RECORDS SUPPLIED:

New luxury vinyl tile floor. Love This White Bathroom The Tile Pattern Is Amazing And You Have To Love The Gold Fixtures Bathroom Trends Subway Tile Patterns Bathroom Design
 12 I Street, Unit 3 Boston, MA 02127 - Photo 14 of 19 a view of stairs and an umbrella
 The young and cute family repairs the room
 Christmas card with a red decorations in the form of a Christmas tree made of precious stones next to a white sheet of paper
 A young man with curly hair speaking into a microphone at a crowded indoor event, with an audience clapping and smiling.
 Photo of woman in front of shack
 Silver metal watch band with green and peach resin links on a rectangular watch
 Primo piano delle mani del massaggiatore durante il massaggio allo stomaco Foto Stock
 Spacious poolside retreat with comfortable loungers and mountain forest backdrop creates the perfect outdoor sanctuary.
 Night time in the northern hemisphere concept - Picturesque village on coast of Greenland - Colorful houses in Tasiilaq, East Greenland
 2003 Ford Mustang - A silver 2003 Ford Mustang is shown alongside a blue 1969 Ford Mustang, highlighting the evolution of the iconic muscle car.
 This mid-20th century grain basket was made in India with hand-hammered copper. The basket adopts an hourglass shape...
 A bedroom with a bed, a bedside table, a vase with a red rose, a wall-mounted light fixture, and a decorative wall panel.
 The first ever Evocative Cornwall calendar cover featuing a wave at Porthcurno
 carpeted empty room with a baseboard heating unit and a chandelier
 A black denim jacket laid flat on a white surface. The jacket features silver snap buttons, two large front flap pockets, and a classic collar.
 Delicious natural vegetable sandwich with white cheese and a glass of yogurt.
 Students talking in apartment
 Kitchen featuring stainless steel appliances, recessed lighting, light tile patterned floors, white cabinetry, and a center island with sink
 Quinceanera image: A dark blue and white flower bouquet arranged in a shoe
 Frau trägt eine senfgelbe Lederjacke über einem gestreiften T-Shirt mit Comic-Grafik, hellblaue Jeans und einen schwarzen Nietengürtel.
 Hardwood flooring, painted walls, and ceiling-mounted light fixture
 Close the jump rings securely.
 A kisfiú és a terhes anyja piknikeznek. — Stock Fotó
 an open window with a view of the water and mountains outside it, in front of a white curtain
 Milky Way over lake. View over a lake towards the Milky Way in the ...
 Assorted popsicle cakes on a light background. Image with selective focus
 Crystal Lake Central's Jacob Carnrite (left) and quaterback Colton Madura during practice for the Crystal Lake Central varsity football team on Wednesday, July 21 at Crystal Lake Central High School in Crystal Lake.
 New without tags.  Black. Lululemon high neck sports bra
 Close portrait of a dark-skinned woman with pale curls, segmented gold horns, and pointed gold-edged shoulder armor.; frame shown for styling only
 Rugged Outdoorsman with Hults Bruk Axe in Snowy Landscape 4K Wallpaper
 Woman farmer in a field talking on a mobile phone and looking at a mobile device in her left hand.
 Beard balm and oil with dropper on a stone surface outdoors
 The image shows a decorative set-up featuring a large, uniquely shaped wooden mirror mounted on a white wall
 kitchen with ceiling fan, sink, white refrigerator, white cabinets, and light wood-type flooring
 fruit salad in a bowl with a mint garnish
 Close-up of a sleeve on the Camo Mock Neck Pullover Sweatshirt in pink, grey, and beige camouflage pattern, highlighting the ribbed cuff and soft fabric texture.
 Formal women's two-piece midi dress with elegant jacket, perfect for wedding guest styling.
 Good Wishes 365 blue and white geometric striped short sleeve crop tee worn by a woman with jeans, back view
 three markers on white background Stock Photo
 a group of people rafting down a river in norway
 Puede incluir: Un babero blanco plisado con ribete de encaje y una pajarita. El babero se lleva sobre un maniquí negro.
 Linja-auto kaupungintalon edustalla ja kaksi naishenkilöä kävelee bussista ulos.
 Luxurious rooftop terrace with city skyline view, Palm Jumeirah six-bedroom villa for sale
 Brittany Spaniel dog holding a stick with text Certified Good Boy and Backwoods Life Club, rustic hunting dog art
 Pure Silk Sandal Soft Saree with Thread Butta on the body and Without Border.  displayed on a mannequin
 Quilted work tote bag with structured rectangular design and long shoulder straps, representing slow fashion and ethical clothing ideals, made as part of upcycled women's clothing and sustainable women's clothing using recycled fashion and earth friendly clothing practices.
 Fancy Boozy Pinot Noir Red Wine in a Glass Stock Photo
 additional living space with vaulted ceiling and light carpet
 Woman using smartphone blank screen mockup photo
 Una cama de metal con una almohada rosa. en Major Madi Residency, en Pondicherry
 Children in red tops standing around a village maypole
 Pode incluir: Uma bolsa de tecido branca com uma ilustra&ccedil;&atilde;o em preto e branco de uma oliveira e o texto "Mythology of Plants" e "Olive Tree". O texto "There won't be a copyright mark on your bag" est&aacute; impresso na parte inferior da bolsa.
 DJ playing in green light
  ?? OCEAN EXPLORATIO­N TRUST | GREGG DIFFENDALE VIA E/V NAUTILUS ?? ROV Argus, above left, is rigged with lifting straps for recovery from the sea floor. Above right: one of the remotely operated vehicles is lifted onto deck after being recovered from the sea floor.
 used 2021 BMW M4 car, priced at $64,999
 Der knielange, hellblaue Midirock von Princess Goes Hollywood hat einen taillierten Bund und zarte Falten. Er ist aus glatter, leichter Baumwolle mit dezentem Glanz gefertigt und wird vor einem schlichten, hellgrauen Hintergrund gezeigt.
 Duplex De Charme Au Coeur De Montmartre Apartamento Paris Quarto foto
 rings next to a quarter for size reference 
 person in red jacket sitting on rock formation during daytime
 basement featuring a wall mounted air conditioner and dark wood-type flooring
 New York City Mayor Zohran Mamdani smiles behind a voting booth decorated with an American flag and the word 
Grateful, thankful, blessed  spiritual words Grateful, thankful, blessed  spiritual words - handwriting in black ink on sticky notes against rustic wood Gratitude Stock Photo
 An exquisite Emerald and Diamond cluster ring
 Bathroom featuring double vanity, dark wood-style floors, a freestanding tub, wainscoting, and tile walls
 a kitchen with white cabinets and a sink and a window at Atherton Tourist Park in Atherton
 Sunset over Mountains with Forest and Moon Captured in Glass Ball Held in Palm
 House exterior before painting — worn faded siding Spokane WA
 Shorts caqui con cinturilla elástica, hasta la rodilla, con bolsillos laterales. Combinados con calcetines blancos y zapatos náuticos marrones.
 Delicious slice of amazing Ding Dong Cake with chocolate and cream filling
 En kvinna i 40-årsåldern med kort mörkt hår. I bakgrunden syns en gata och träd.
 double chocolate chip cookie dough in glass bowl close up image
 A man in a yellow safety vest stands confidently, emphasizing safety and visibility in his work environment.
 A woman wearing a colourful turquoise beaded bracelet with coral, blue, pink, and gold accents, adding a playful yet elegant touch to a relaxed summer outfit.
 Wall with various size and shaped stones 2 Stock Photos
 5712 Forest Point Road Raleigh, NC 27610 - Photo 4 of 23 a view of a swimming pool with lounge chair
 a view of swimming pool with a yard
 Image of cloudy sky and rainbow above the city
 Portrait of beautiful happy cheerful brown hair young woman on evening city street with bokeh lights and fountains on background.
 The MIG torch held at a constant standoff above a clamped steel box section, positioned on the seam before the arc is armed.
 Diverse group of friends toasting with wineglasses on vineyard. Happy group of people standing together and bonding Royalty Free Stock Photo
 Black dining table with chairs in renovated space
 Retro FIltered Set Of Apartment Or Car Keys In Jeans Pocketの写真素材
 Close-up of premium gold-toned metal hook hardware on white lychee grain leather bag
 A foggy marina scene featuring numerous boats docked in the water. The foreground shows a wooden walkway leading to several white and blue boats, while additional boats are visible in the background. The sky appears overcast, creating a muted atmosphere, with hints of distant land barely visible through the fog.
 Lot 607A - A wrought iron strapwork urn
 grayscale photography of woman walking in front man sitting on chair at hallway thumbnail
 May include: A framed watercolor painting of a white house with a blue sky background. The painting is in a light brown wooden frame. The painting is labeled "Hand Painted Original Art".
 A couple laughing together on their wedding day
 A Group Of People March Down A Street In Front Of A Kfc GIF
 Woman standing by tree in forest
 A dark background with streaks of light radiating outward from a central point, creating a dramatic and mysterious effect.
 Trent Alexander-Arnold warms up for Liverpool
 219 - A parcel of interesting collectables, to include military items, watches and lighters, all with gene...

EXERCISE GOAL: Using the records above, count the lines containing "rustic". Give no words besides the number.

WRITTEN SOLUTION: 2